↓

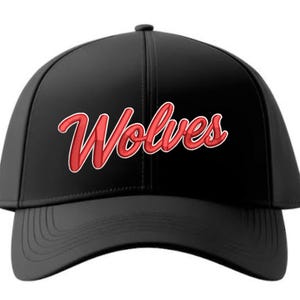 May include: A black baseball cap featuring the word Wolves written in a stylized red script font with a white outline across the front panels. The cap has a structured crown, a curved brim, and a central seam running vertically down the front.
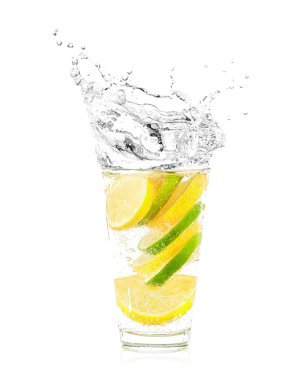 Bardak su üzerinde beyaz izole limon ve kireç dilimleri. Su sıçramalarına yapım düşen meyve. 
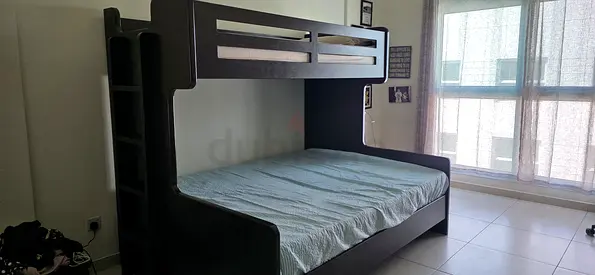 Solid wooden bunk bed with ladder - good condition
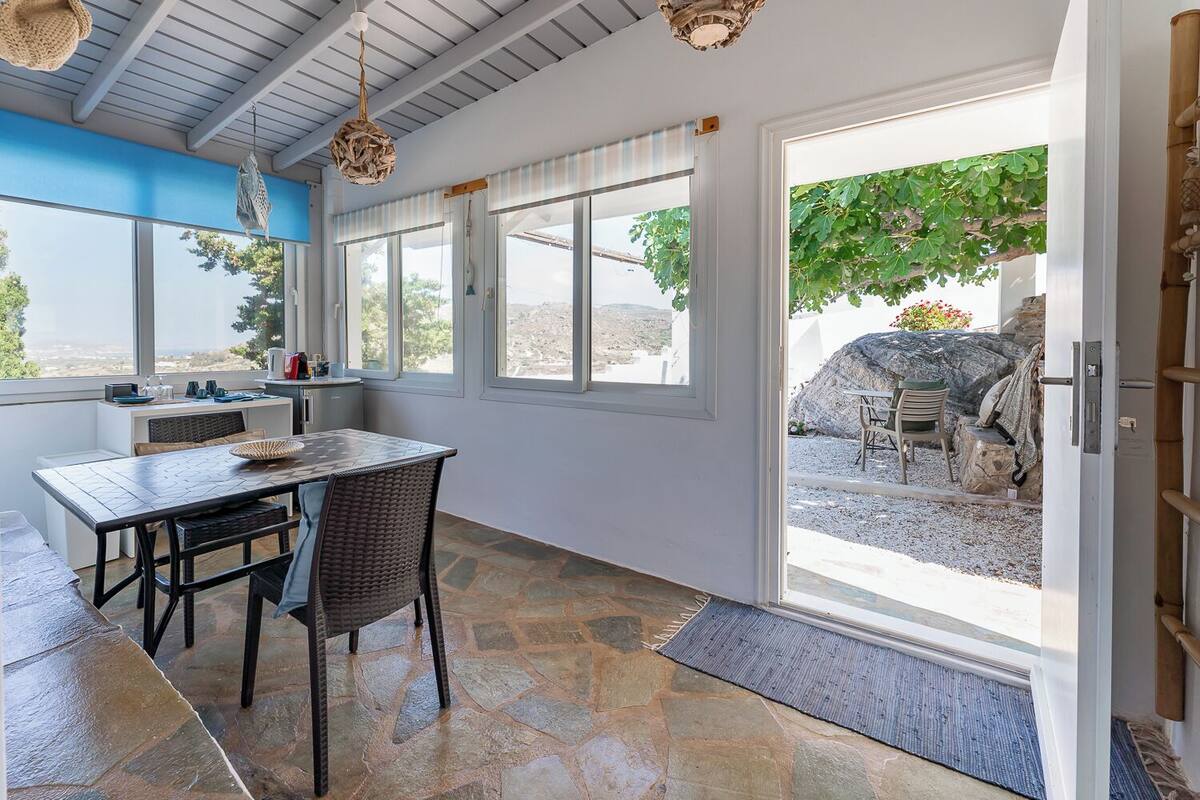 A dining area with a table and chairs, large windows, and a view of the outdoors.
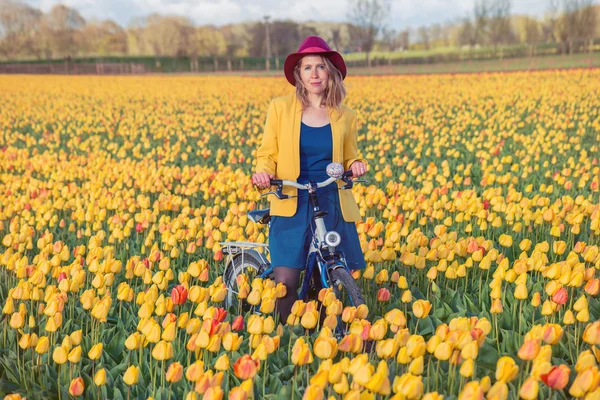 Mujer de pie con su bicicleta en los campos de tulipanes — Foto de Stock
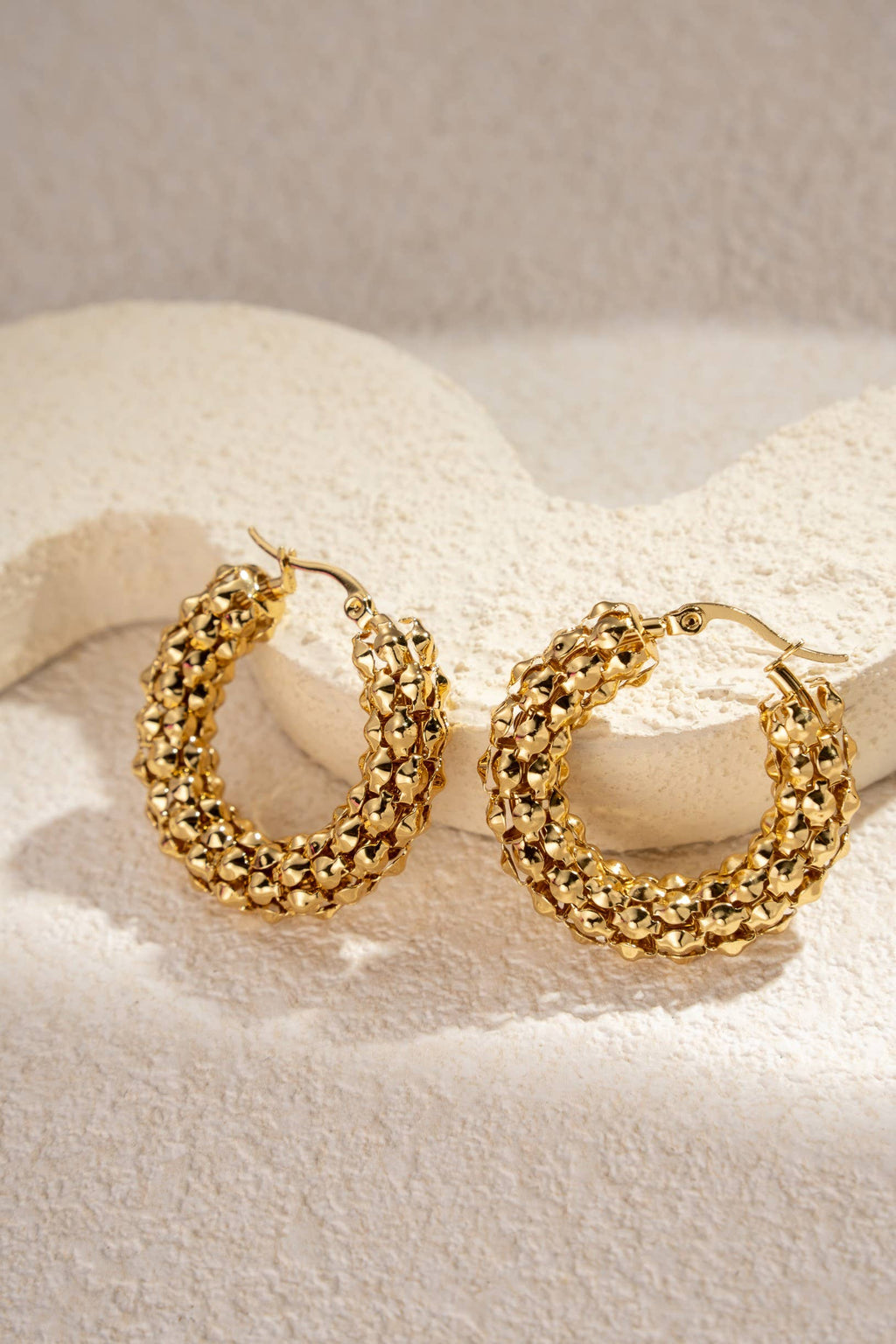 Gold stainless steel woven hoop earrings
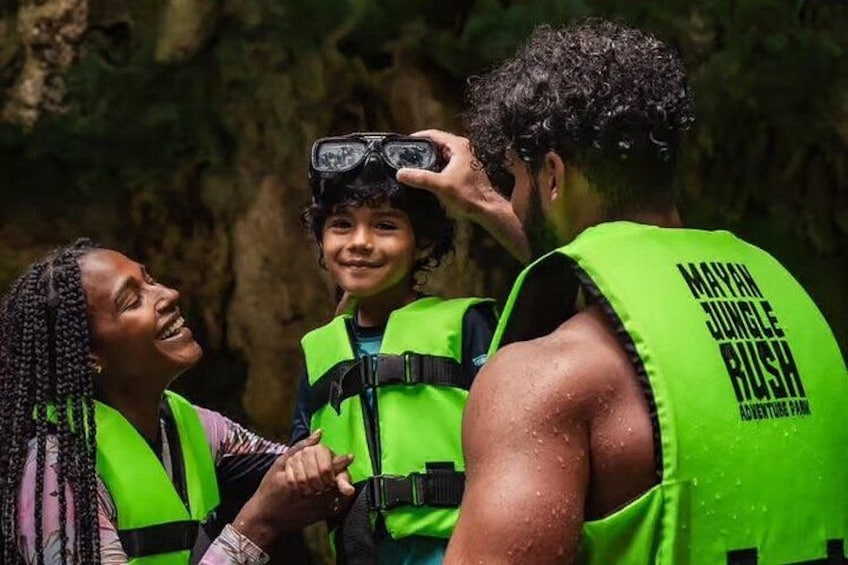 People wearing bright green life vests with the text 'Maya Jungle Rush Adventure Park' on them. 4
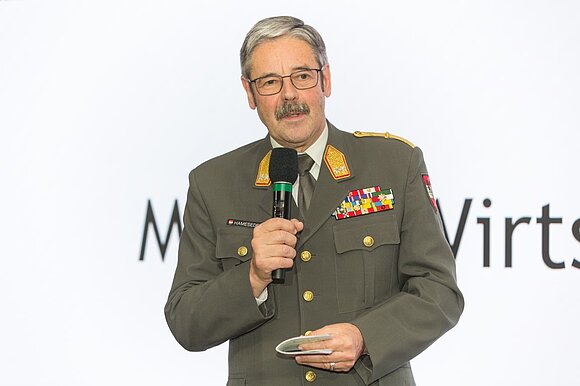 Ein Mann mit Brille und Schnurrbart in Uniform des österreichischen Bundesheeres spricht in ein Mikro.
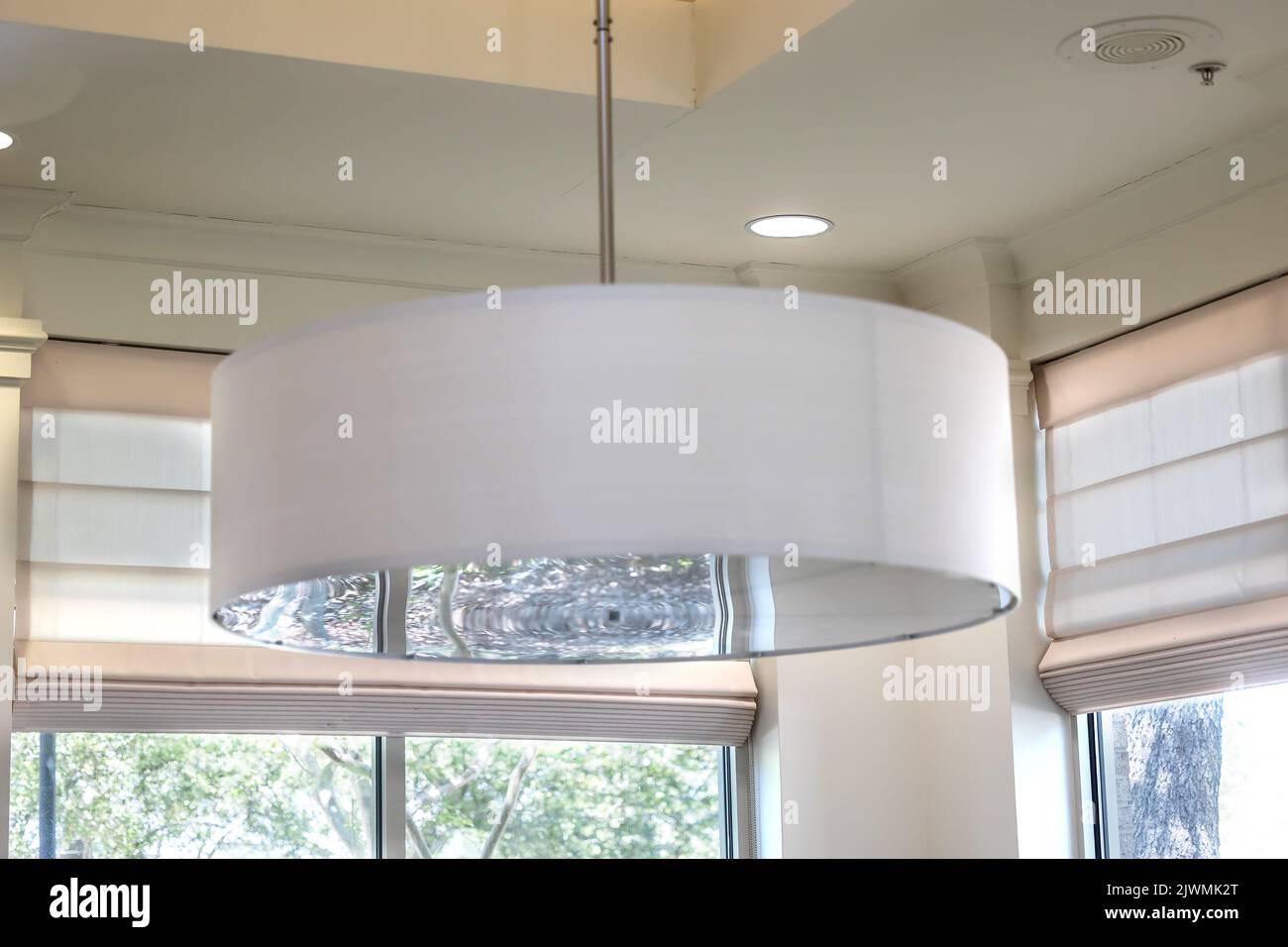 A white drum light fixture interior during the day Stock Photo - Alamy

↑

### Problem to solve
Pictures are not part of the copy. Please reproduce the material word for word.

### Exercise response
 May include: A black baseball cap featuring the word Wolves written in a stylized red script font with a white outline across the front panels. The cap has a structured crown, a curved brim, and a central seam running vertically down the front.
 Bardak su üzerinde beyaz izole limon ve kireç dilimleri. Su sıçramalarına yapım düşen meyve. 
 Solid wooden bunk bed with ladder - good condition
 A dining area with a table and chairs, large windows, and a view of the outdoors.
 Mujer de pie con su bicicleta en los campos de tulipanes — Foto de Stock
 Gold stainless steel woven hoop earrings
 People wearing bright green life vests with the text 'Maya Jungle Rush Adventure Park' on them. 4
 Ein Mann mit Brille und Schnurrbart in Uniform des österreichischen Bundesheeres spricht in ein Mikro.
 A white drum light fixture interior during the day Stock Photo - Alamy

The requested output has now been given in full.